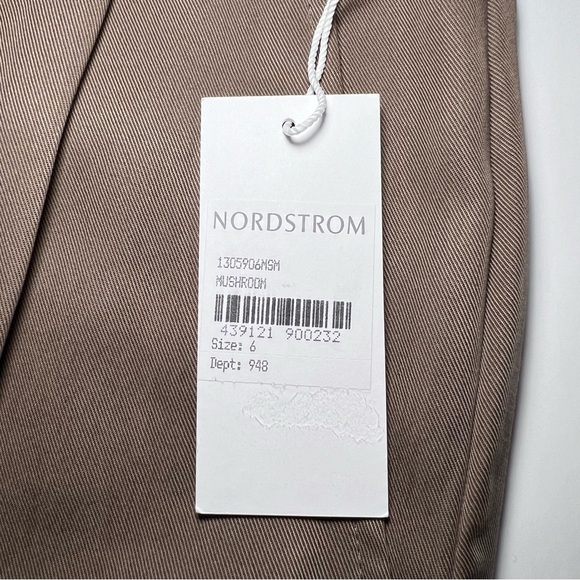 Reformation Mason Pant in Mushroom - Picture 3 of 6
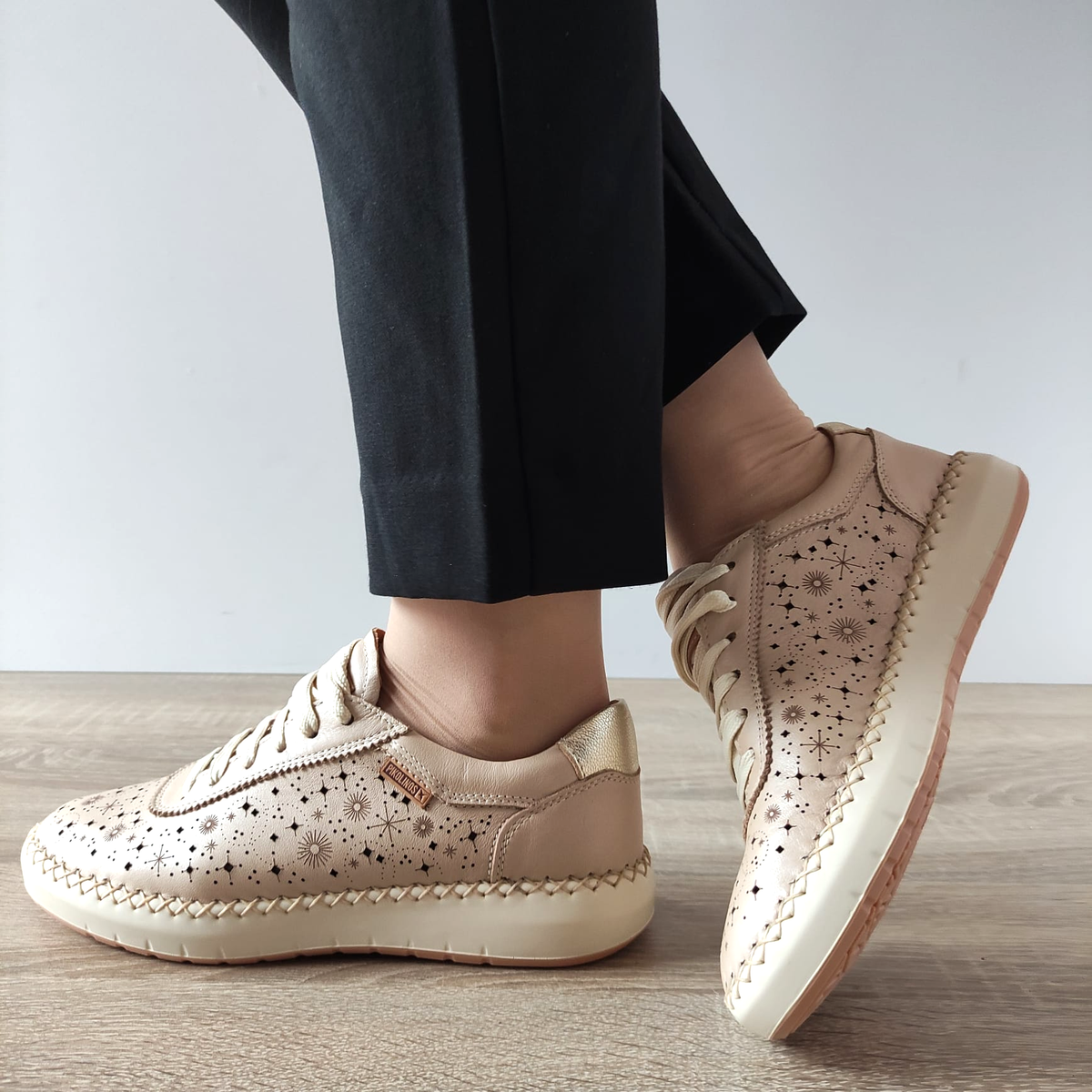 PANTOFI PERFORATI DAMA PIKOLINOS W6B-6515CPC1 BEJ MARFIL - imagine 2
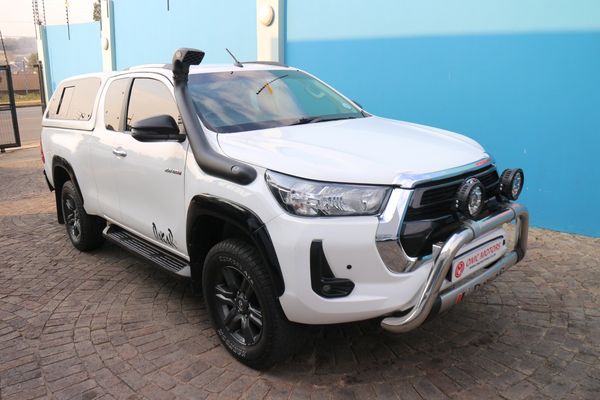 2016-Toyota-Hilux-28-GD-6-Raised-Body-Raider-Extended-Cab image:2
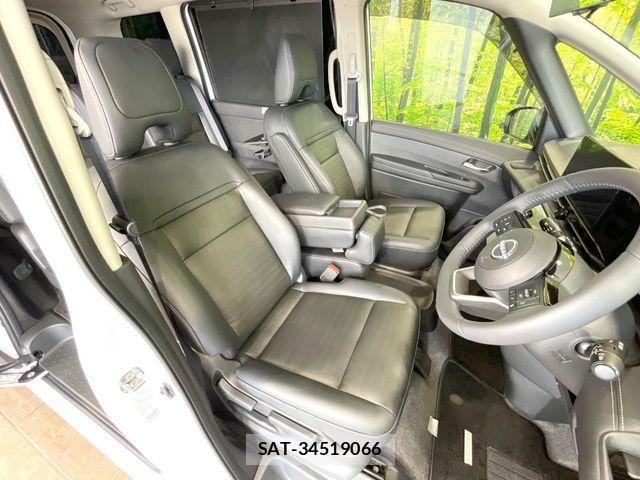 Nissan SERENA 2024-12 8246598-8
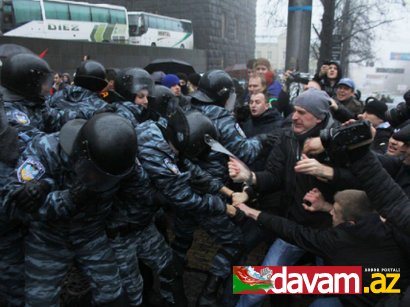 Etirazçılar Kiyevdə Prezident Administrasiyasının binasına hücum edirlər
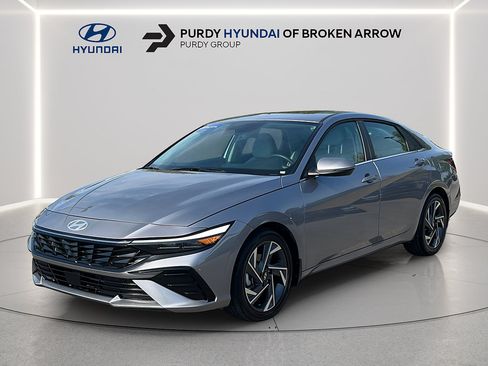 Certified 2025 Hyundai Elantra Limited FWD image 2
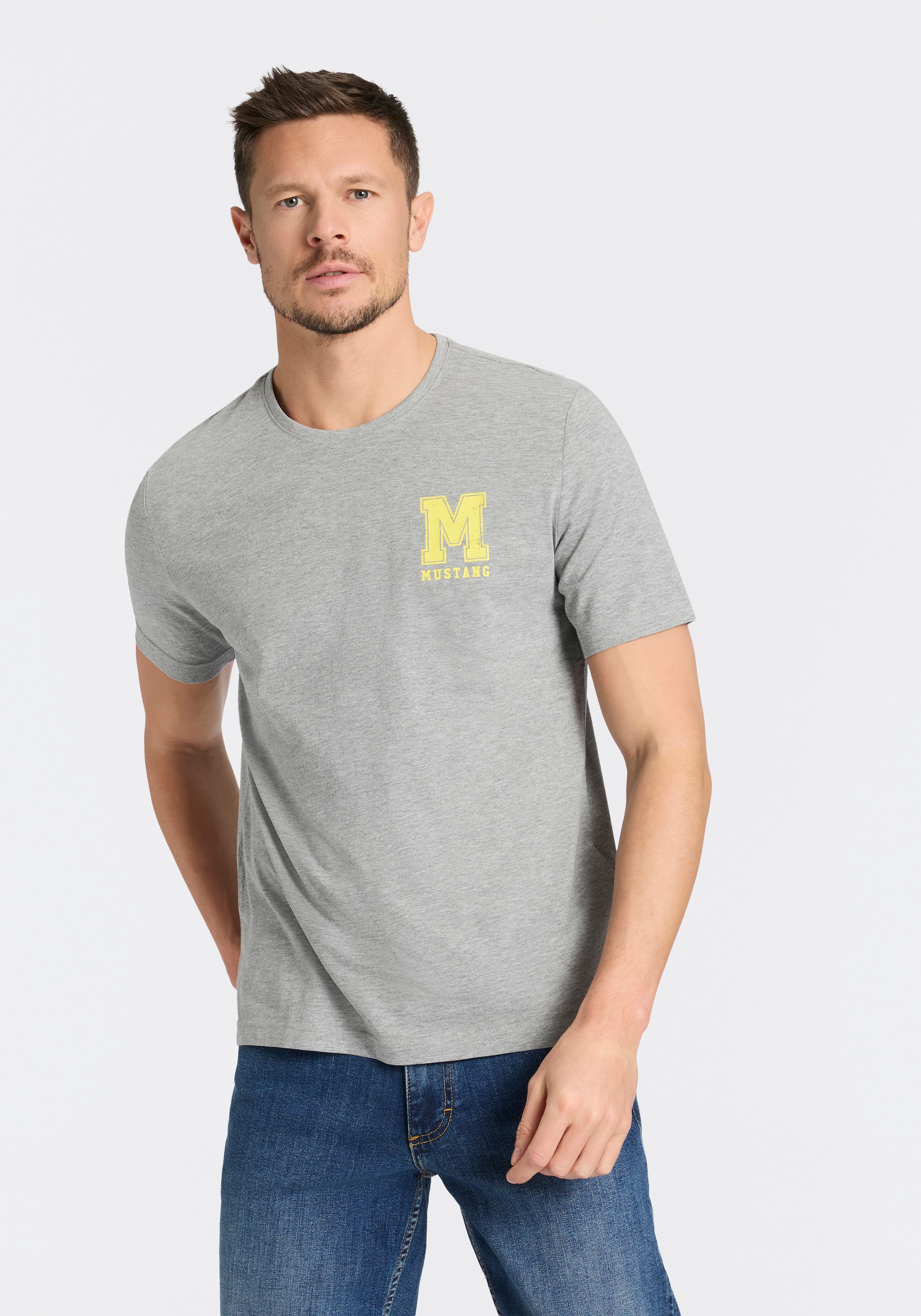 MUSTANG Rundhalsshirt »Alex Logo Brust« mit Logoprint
################
◆ About this exercise: The records are to be duplicated in full and exactly, with images left out.

◆ Answer to this task:
 Reformation Mason Pant in Mushroom - Picture 3 of 6
 PANTOFI PERFORATI DAMA PIKOLINOS W6B-6515CPC1 BEJ MARFIL - imagine 2
 2016-Toyota-Hilux-28-GD-6-Raised-Body-Raider-Extended-Cab image:2
 Nissan SERENA 2024-12 8246598-8
 Etirazçılar Kiyevdə Prezident Administrasiyasının binasına hücum edirlər
 Certified 2025 Hyundai Elantra Limited FWD image 2
 MUSTANG Rundhalsshirt »Alex Logo Brust« mit Logoprint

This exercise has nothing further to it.